A few weeks ago I started on finding out which were the most popular items that a GP practice would prescribe. Once again I turned to Sparkling and Clojure to do the grunt work for me.
The Practice List
What I didn’t have at the time was the practice list. You can download that from the HSC Business Services Organisation.
I’m going to create another PairRDD with the practice number as the key and then the information as it’s value.
(def practice-fields [:pracno :partnershipno :practicename :address1 :address2 :address3 :postcode :telno :lcg]) (defn load-practices [sc filepath] (->> (spark/text-file sc filepath) (spark/map #(->> (csv/read-csv %) first)) (spark/filter #(not= (first %) "PracNo")) (spark/map #(zipmap practice-fields %)) (spark/map-to-pair (fn [rec] (let [practice-id (:pracno rec)] (spark/tuple practice-id rec))))))

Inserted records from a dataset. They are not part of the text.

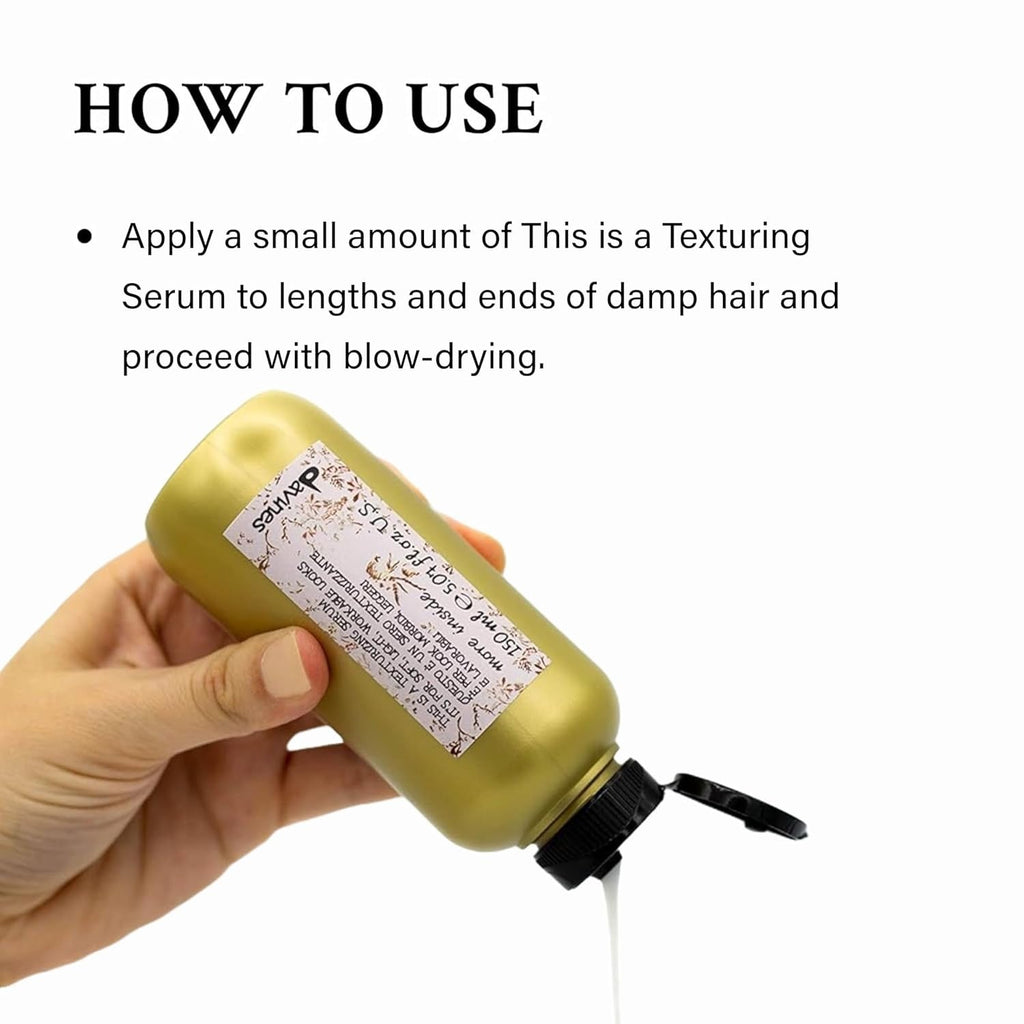 Texturizing serum bottle held in hand, beige with black cap and nozzle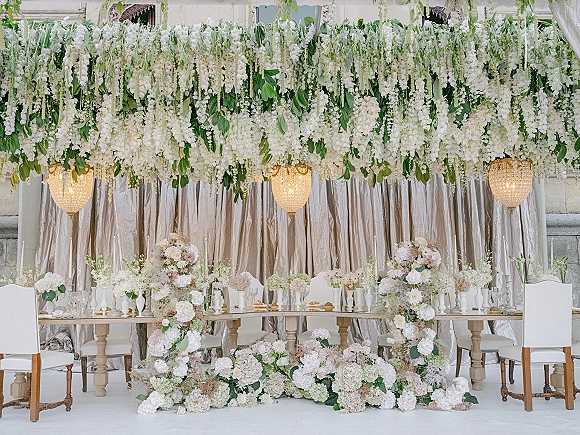 Reception sweetheart table with hanging floral installation, white blooms and greenery garland, candlelit centerpiece, crystal chandeliers, stone arch backdrop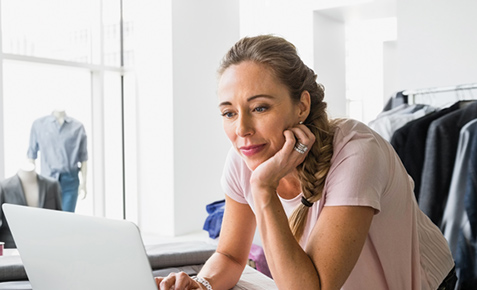 Modeverk&auml;uferin steht im Laden und bedient den Laptop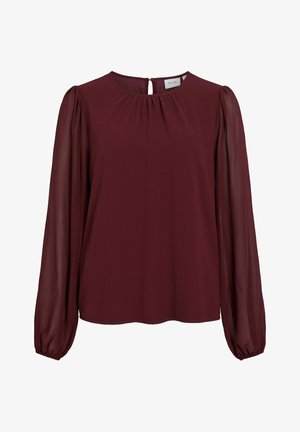 Blouse bourgogne avec de longues manches bouffantes en voile. Encolure ronde avec ouverture en forme de clé à l'arrière. Texture lisse, coupe légèrement ample.
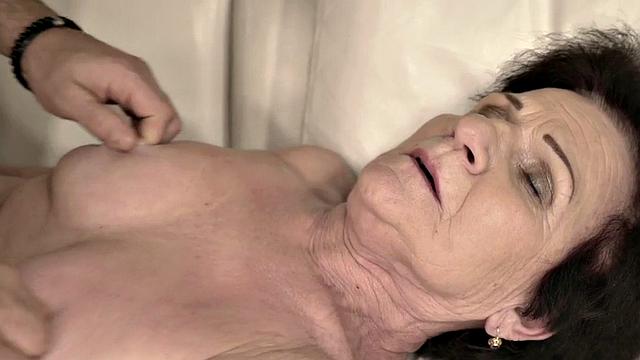 Kinky granny with hairy pussy and big tits takes a hard pounding from a lucky stud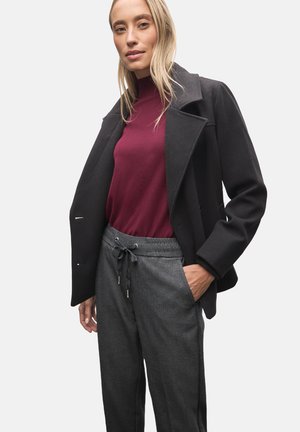 Zwarte jas met grote revers, bordeauxrode coltrui en grijze broek met trekkoord, met een subtiel patroon en zijzakken.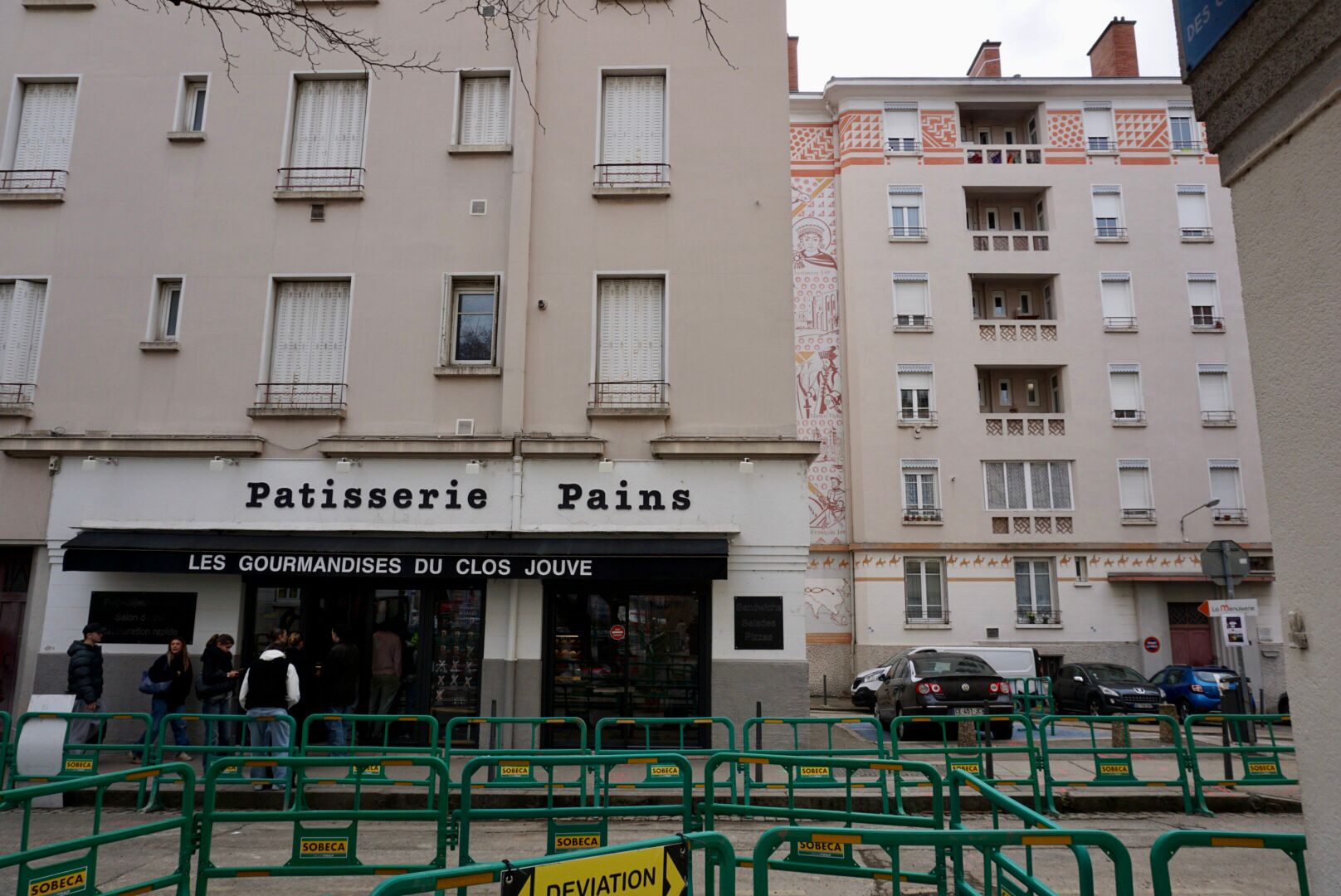 Mehrstöckige Wohngebäude mit Erdgeschoss-Läden, darunter eine Bäckerei mit der Aufschrift "Patisserie Pains", hinter einer grünen Absperrung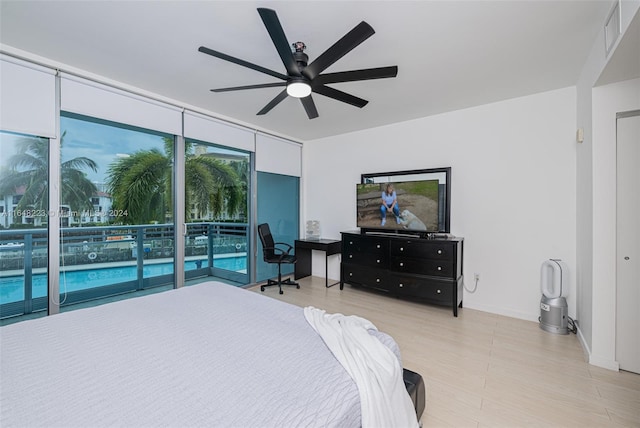 bedroom featuring ceiling fan and access to exterior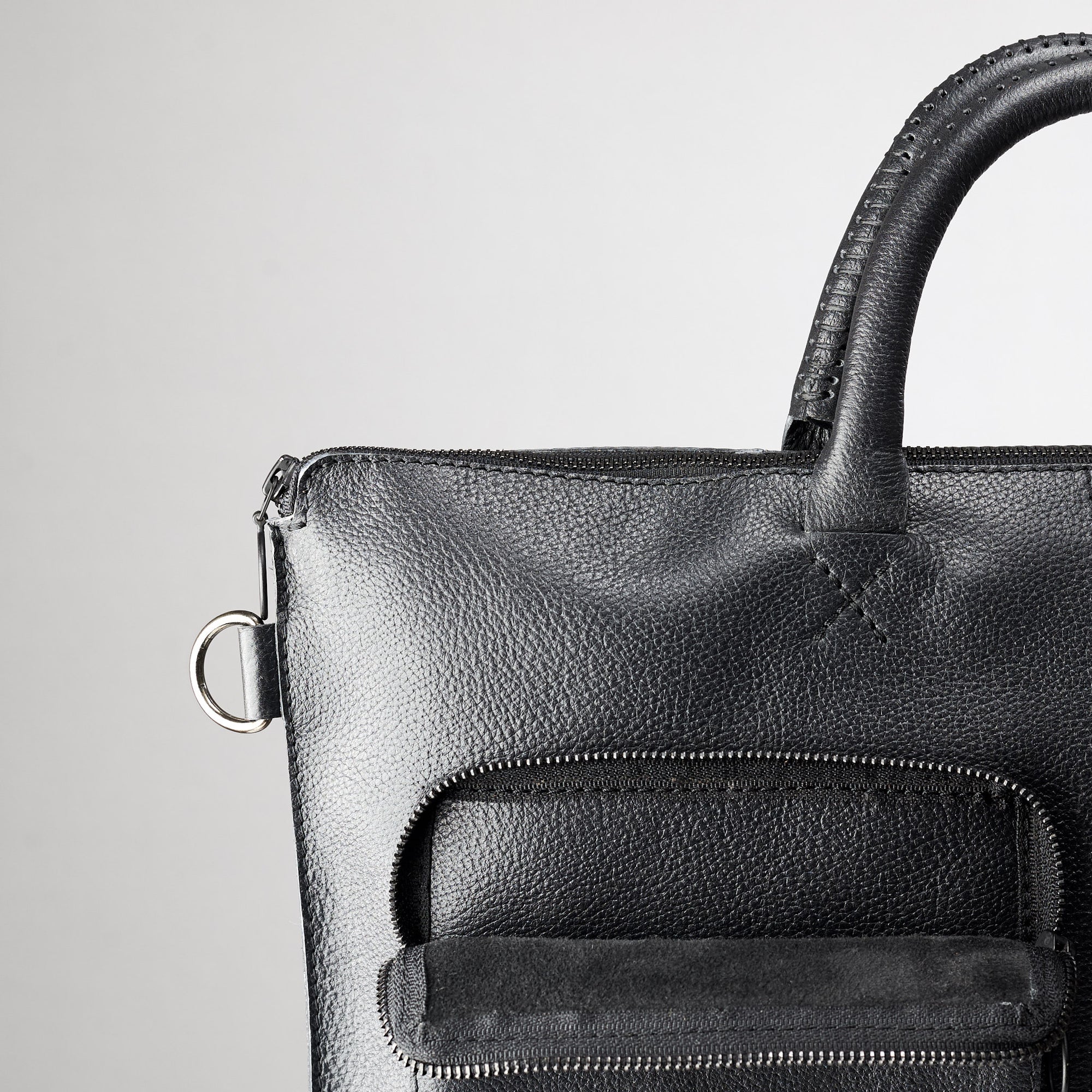 Suede pocket detail. Black tote zipper bag by Capra Leather. Handmade men work bag.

It’s very similar to the original function I used to load the prescription CSV.
Joining The RDD’s
With two pair RDD’s I can safely perform the join.
(defn join-practice-prescriptions [practices prescriptions] (spark/join practices prescriptions))
This will give me a Pair RDD with a [key, [value1, value2]] form. I’ll need to tweak the function that works out the frequencies so it takes into account this new data structure.
(defn def-practice-prescription-freq [prescriptiondata] (->> prescriptiondata (spark/map-to-pair (s-de/key-val-val-fn (fn [k v pr] (let [freqmap (map (fn [rec] (:vmp_nm rec)) pr)] (spark/tuple (str (:practicename v) " " (:postcode v)) (apply list (take 10 (reverse (sort-by val (frequencies freqmap))))))))))))
The last thing to do it wrap up the process-data function to load in the practice list.
(defn process-data [sc filepath practicefile outputpath] (let [prescription-rdd (load-prescription-data sc filepath) practice-rdd (load-practices sc practicefile)] (->> (join-practice-prescriptions practice-rdd prescription-rdd) (def-practice-prescription-freq) (spark/coalesce 1) (spark/save-as-text-file outputpath))))
Testing From The REPL
To test these changes is fairly trivial from the REPL.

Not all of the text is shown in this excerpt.